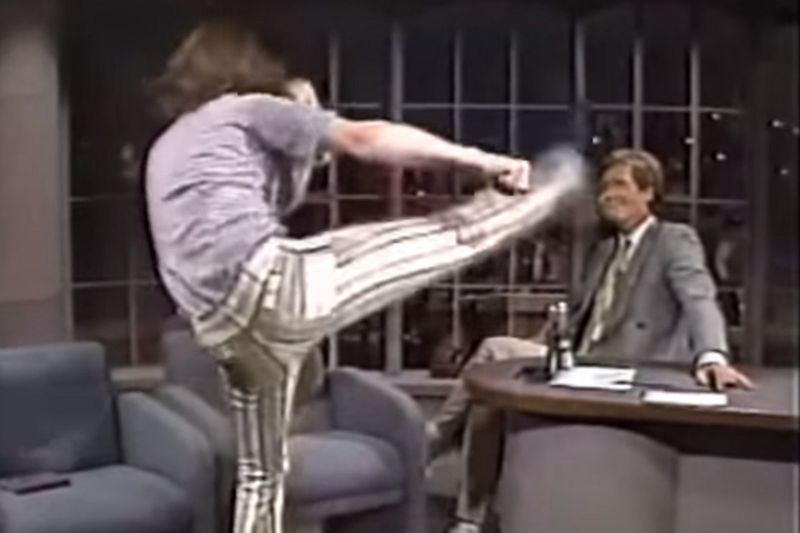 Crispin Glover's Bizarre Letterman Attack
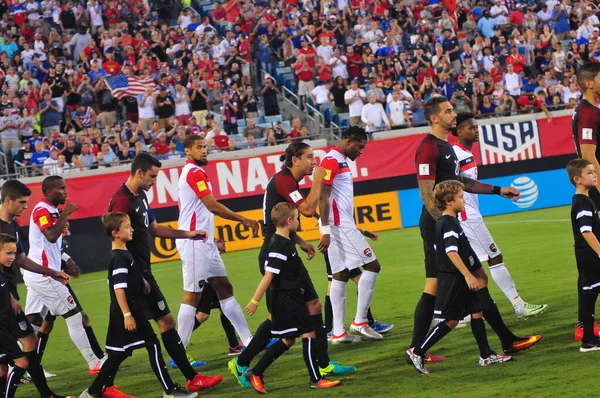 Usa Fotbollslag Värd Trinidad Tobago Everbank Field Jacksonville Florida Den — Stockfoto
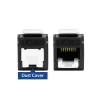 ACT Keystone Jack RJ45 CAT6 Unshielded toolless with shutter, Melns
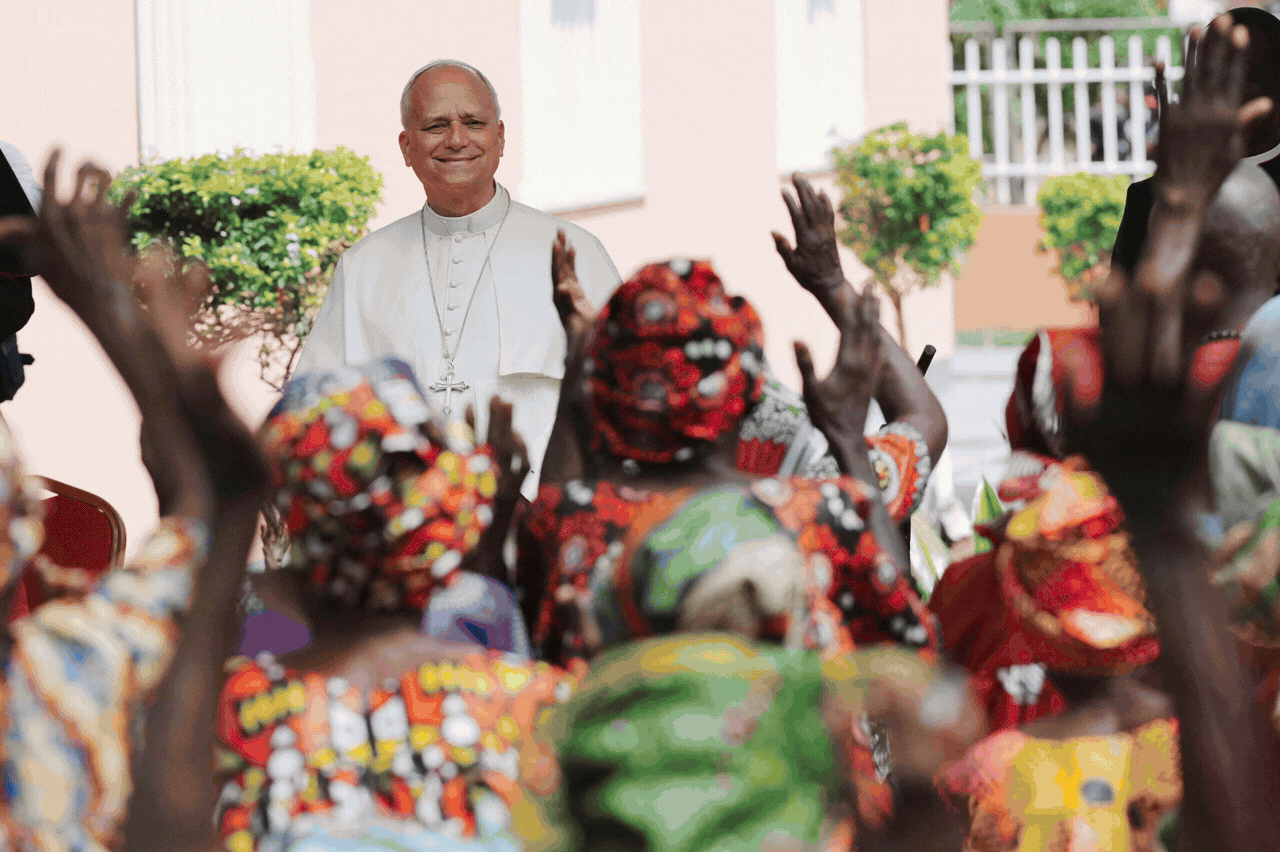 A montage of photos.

* * *

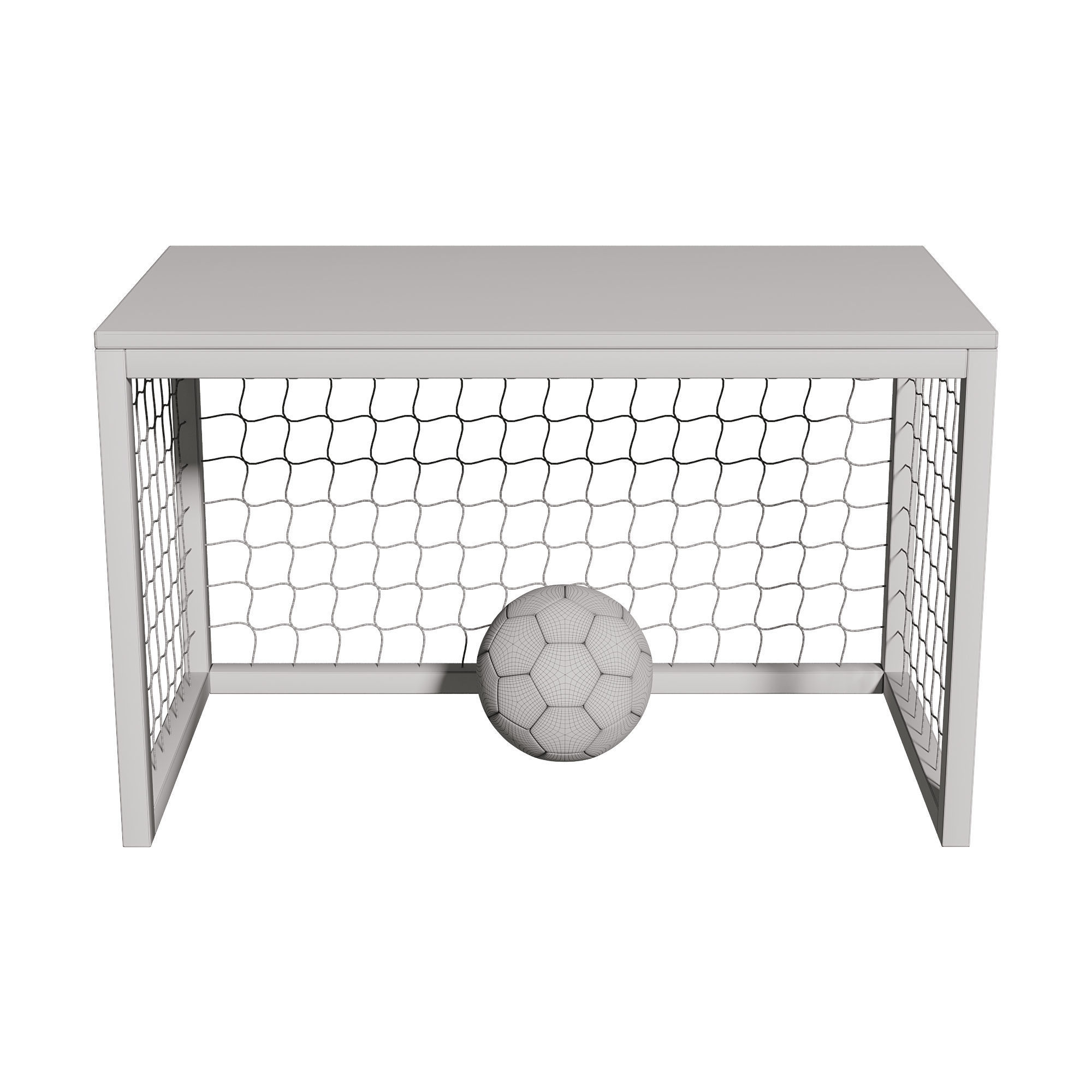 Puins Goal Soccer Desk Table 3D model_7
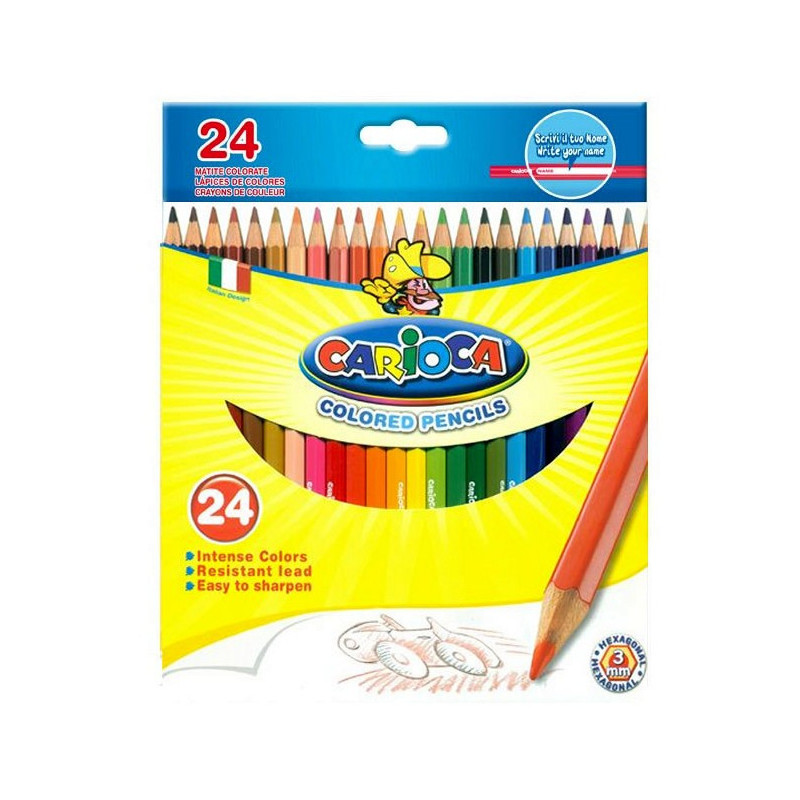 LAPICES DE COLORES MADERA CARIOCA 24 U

Aim of the task
Leaving out the pictures, please output the lines in the entries above from the one with "Crispin Glover's Bizarre Letterman Attack" through the one with "A montage of photos.", exactly as they are.

Exercise result
 Crispin Glover's Bizarre Letterman Attack
 Usa Fotbollslag Värd Trinidad Tobago Everbank Field Jacksonville Florida Den — Stockfoto
 ACT Keystone Jack RJ45 CAT6 Unshielded toolless with shutter, Melns
 A montage of photos.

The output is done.